Protest march in Ripley over ambulance station closures
Protesters have held a march in a Derbyshire town over plans to shut all but two of the county's 16 ambulance stations.
East Midlands Ambulance Service (EMAS) wants to move its services into 13 "superhubs" in the region claiming it would improve response times.
Protesters in Ripley say the changes will leave rural areas isolated.
Under the plans, EMAS would have hubs in Derby and Chesterfield supported by a series of standby points.
An EMAS spokesman said the superhubs, supported by a series of stand-by sites, would be more efficient and would enhance services.
Under the proposals, the service would have 13 main hubs across the region in Northamptonshire, Nottinghamshire, Lincolnshire, Leicestershire and Derbyshire, but 53 ambulance posts would close.
Opponents said vehicles would have to travel further to remote locations.
Ripley town councillor David Williams, who organised the march, said: "These standpoints that they are proposing, whichever way you look at it, ambulances will have to travel greater distances over Derbyshire's hilly terrains, over narrow roads and sharp bends, to get to accidents and other events... leading to increased times responding to incidents."

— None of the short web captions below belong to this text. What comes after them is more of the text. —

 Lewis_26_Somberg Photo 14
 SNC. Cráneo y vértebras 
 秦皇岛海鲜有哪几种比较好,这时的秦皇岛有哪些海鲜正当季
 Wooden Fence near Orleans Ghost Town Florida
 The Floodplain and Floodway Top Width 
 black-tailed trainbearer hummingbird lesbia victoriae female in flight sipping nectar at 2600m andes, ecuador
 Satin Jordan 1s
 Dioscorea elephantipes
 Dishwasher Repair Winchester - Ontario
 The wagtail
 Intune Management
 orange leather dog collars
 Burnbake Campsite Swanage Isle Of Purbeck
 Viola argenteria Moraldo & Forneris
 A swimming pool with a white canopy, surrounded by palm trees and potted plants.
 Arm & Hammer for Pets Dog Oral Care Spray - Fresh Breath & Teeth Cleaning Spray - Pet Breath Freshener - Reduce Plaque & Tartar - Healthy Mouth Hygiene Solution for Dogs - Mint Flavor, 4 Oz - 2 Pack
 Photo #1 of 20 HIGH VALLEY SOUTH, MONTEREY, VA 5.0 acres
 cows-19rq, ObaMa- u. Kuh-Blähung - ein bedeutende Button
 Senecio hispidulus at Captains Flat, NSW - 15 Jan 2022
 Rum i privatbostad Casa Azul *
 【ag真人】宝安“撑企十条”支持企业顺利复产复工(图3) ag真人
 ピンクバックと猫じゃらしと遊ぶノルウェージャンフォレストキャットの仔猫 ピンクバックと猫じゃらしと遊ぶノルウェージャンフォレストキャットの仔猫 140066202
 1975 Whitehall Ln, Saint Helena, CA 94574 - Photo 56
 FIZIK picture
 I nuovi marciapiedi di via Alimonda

John McGrath, a spokesman for Unison which represents ambulance staff, said: "What's needed is an investment to improve frontline services and improve staff and increase the number of ambulances on the road."
EMAS said the plans were still in the consultation phase and it did not believe that lives would be put at risk.
Managers have also said it is not a case of whether to make changes - but what changes to make.
The consultation runs until 17 December.